What did photography teach you over these years?

I basically learned life through photography. This is how I met my wife, my friends and so many people. It’s been there in all the good and the bad moments in my life. It also makes me less shy and it’s been a bridge for me to connect with the entire world and live the life I’ve always wanted.

 

 

Where do you find beauty?

In those little things that everyone know–love, friendship, nature, music... This is universal.

 

How would you define your relationship with nature?

This is one of the most important things for me. She is my friend, my ally, my gateway, she makes me feel alive and she gives me everything I need. She gives me the freedom that we don’t have in cities. She’s scaring sometimes, but she is always full of beauty. One of my favourite things in life is to be under the stars, either in the desert or the forest, sitting around a bonfire with the people I love.

 

 

How does your work reflect this engagement?
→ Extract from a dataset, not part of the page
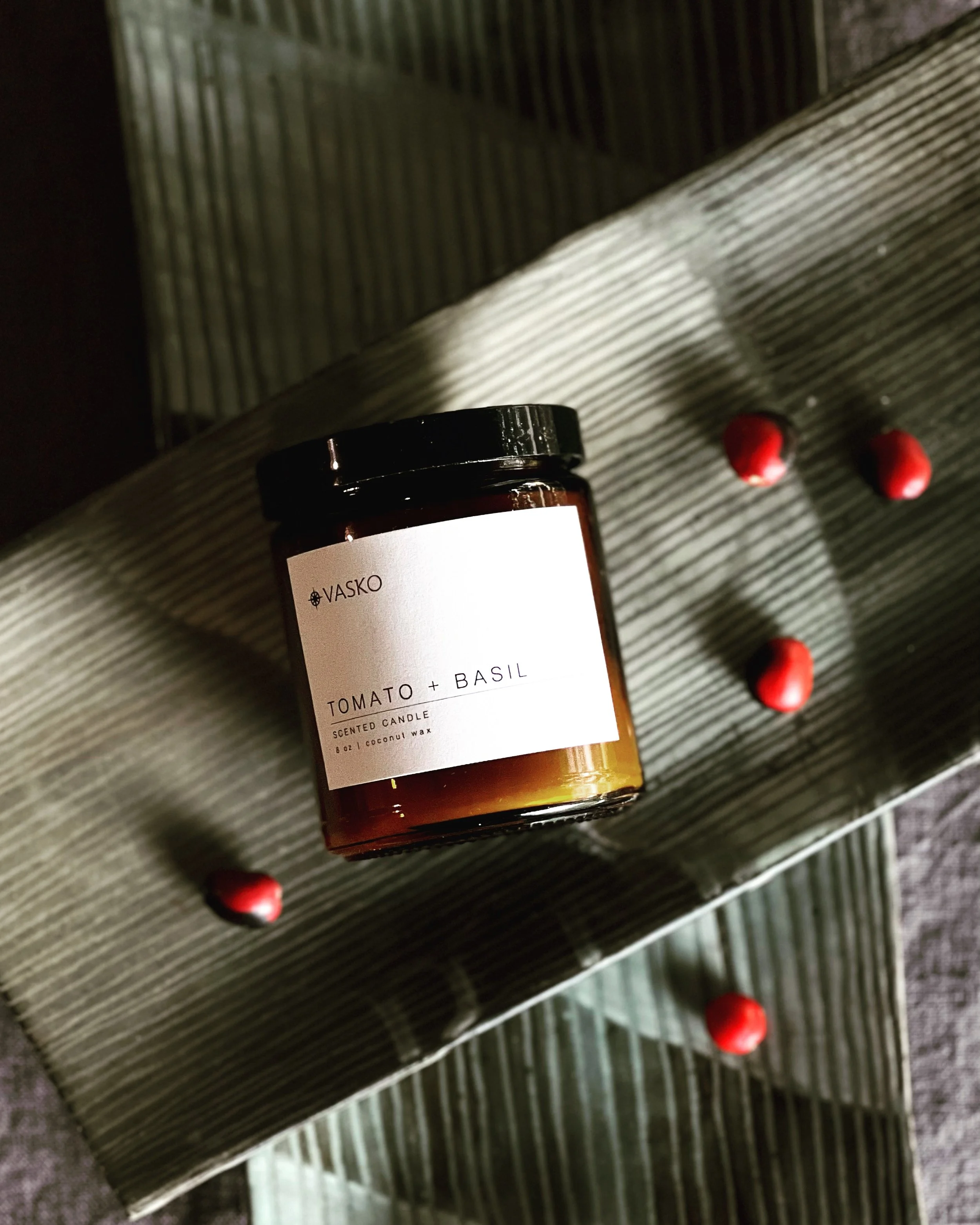 TOMATO + BASIL   8oz coconut wax candle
In my pictures I always try to show the beauty of freedom, and nature is always there. Wind, rain, water, lakes, oceans, mountains, deserts… If there is beauty, there is nature. I try to show the connection with people and nature and how important it is to really feel alive.

 

 

Tell us about the story you’ve shot for ROWSE?

I wanted something more serene than what I use to do. No rock’n’roll, no guitars, just the sound of the waves, the beauty of two hands, a nap behind a tree, a cold shower in August. I wanted to do really simple things but full of life and feelings, something that could make you smell the salt of the ocean and feel the last sun rays on the skin.

 

How would you like to evolve as a photographer?

I’d love to make movies and tell stories.